• _PROBLEM STATEMENT_: Would you transcribe exactly the lines below, starting at the one that contains "Swirly Pearly Glow" and ending with the last line, both included? Leave out all other lines.
====== ENTRIES SHOWN ======
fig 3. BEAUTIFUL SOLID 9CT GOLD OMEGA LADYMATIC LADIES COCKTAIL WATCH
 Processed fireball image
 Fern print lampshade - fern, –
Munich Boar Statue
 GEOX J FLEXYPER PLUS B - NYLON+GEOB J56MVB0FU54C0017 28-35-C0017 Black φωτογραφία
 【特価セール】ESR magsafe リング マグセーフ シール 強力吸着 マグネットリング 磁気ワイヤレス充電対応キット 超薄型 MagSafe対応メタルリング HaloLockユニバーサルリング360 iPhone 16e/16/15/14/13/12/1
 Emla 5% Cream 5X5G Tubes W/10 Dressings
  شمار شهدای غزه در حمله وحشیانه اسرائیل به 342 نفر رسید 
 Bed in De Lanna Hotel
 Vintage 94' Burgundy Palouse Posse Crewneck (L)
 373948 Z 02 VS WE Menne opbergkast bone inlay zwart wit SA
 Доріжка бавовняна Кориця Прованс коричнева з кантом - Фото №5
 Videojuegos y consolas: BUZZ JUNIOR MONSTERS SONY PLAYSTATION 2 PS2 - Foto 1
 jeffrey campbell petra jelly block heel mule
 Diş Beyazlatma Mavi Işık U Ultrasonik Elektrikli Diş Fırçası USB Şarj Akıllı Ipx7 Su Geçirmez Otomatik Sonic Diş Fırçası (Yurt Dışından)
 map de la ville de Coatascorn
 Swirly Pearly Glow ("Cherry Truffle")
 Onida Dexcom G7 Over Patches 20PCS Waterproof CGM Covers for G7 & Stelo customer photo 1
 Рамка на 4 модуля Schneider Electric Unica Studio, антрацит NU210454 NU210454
======
• _RESULT OF THE TASK_:
 Swirly Pearly Glow ("Cherry Truffle")
 Onida Dexcom G7 Over Patches 20PCS Waterproof CGM Covers for G7 & Stelo customer photo 1
 Рамка на 4 модуля Schneider Electric Unica Studio, антрацит NU210454 NU210454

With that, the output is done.